Consecutive Stretches

catch22 contains two features that capture the maximum length of time over which similar consecutive local patterns are observed:
  • SB_BinaryStats_mean_longstretch1 measures the longest successive period of above-average values.
    • (the longstretch1 output from running SB_BinaryStats(x_z,'mean') in hctsa);
  • SB_BinaryStats_diff_longstretch0 measures the longest successive period of successive decreases.
    • (the longstretch0 output from running SB_BinaryStats(x_z,'diff') in hctsa).
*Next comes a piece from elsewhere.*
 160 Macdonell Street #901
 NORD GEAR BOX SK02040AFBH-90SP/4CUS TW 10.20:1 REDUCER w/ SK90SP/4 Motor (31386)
SB_BinaryStats_mean_longstretch1

What it does

SB_BinaryStats_mean_longstretch1 computes the longest sequence of successive values in the time series that are greater than the mean. Algorithmically, this is achieved in two steps:
  1. 1.
    Transform the time series into a binary sequence: time-series values that are greater than the mean are set to 1 and time-series values that are less than or equal to the mean are set to 0.
  2. 2.
    Return the longest sequence of successive values that are 1.

What it measures

  • Low values are given to time series that tend not to linger too much on either side of the mean, like this moving average process, which has a maximum duration of 8 samples (red) above the mean (zero: dashed line):
  • High values are given to time series that have at least one long duration of time spent above the mean, like this stochastic sine map (107 successive time points above the mean):

SB_BinaryStats_diff_longstretch0

What it does

SB_BinaryStats_diff_longstretch0 is similar to the above, but it calculates the longest sequence of successive steps in the time series that decrease. Algorithmically, this is achieved in two steps:
  1. 1.
    Transform the time series into a binary sequence: each time-series value is converted to a 1 if it is higher than the previous time point, and 0 if it is lower than the previous time point (starting from the second point in the time series, and thus yielding a sequence of length N-1, where N is the length of the original time series).
  2. 2.
    Return the longest sequence of successive values that are 0.